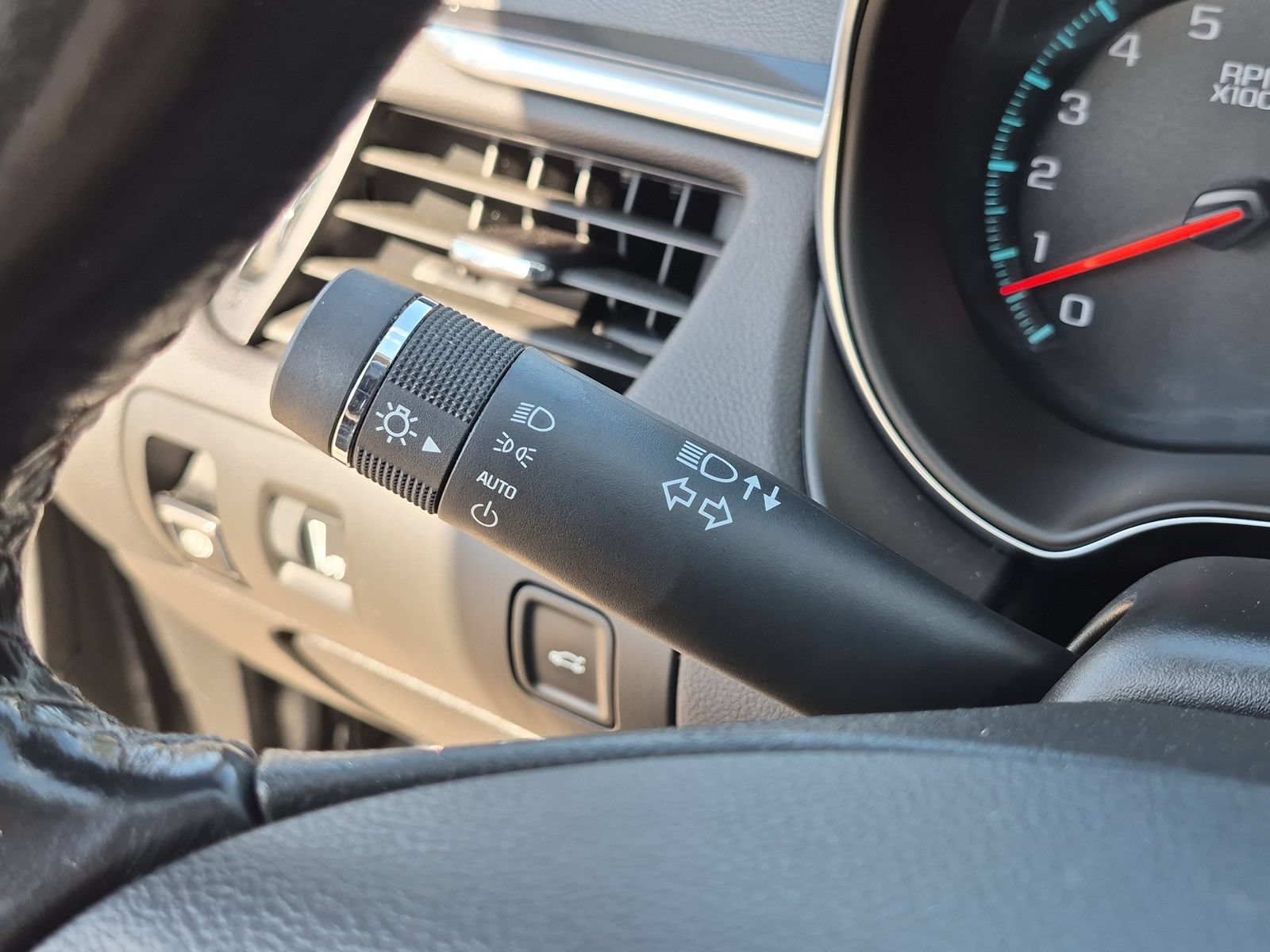 Used 2018 Chevrolet Impala LT FWD image 27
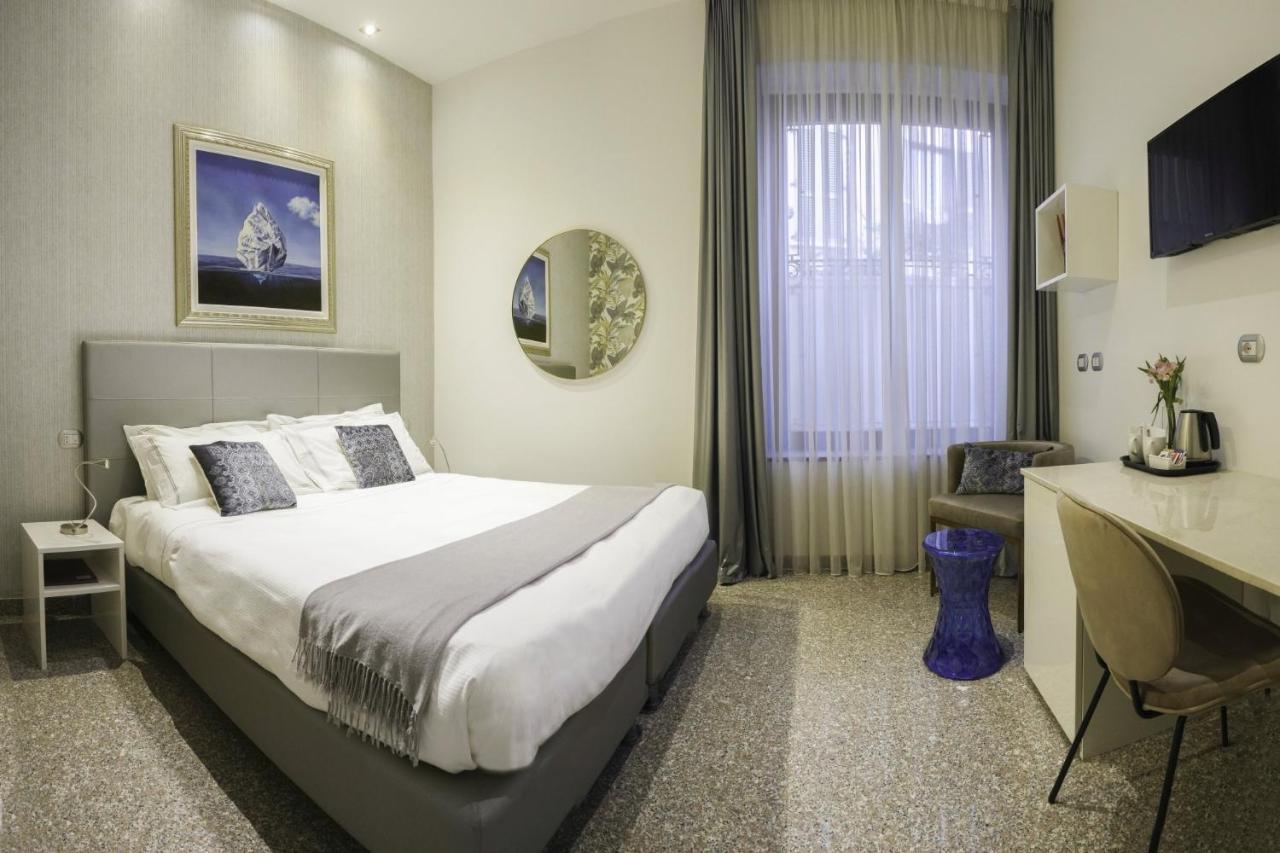 Monza City Rooms & Studios Bagian luar foto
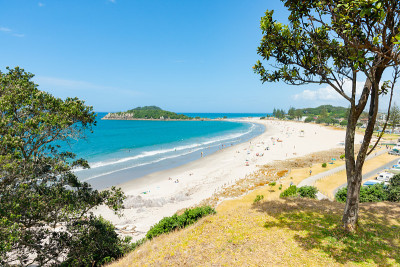 夏日景色沿着曼加奈山的主要海滩，陶兰加新西兰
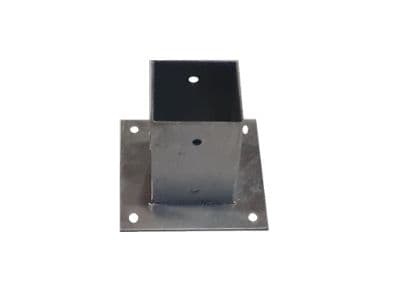 Stolpefot på plate 101×101×150 mm varmforsinket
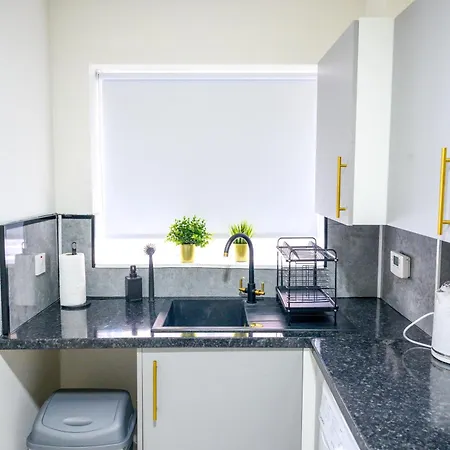2 Bedroom 2 Bath Ensuite With Gated Parking Appartamento *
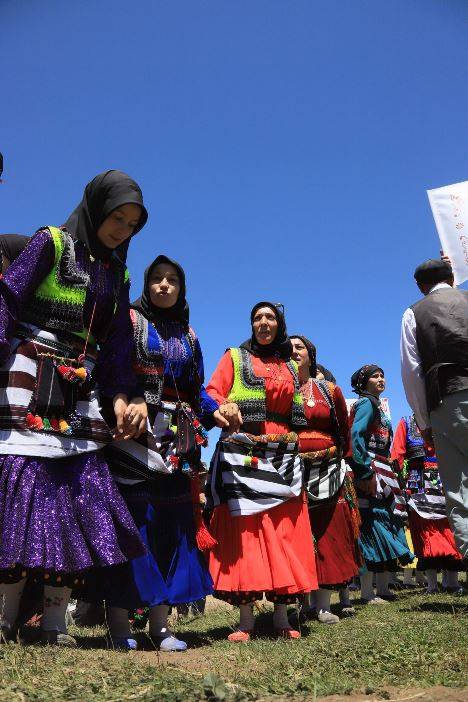 Trabzon'da Kadırga Yayla Şenliğinden renkli görüntüler 17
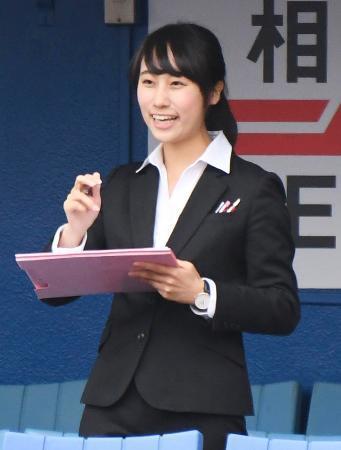 　東京六大学野球リーグ史上初の女性主務となった慶応大・小林由佳さん。春季リーグ開幕戦でベンチ入りした＝１４日、東京都新宿区の神宮球場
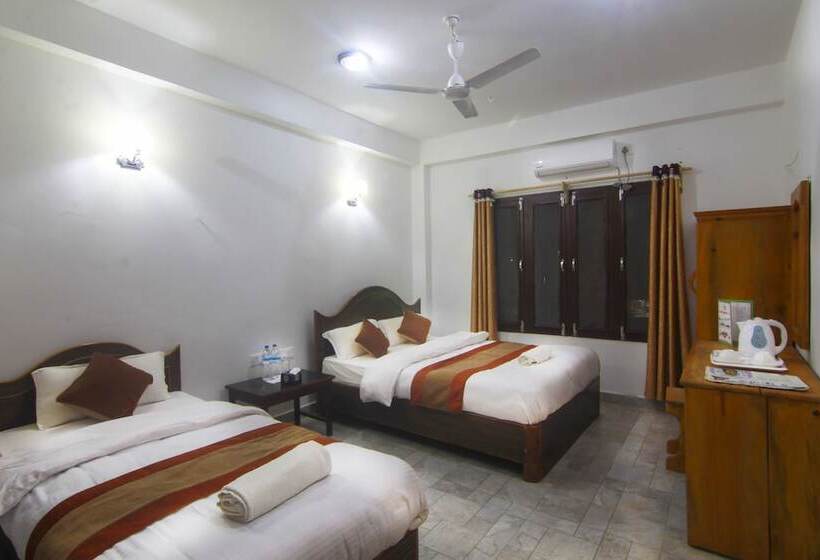 Fotos del hotel Chitwan Park Village:  23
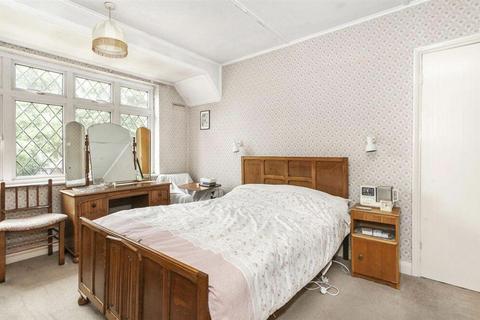 710 Hanworth Road, Whitton, Hounslow, TW4 5NT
★ ★ ★ ★ ★
--- Work instruction ---
Output the records above character for character, but leave each image out.

--- Answer ---
 Used 2018 Chevrolet Impala LT FWD image 27
 Monza City Rooms & Studios Bagian luar foto
 夏日景色沿着曼加奈山的主要海滩，陶兰加新西兰
 Stolpefot på plate 101×101×150 mm varmforsinket
2 Bedroom 2 Bath Ensuite With Gated Parking Appartamento *
 Trabzon'da Kadırga Yayla Şenliğinden renkli görüntüler 17
 　東京六大学野球リーグ史上初の女性主務となった慶応大・小林由佳さん。春季リーグ開幕戦でベンチ入りした＝１４日、東京都新宿区の神宮球場
 Fotos del hotel Chitwan Park Village:  23
 710 Hanworth Road, Whitton, Hounslow, TW4 5NT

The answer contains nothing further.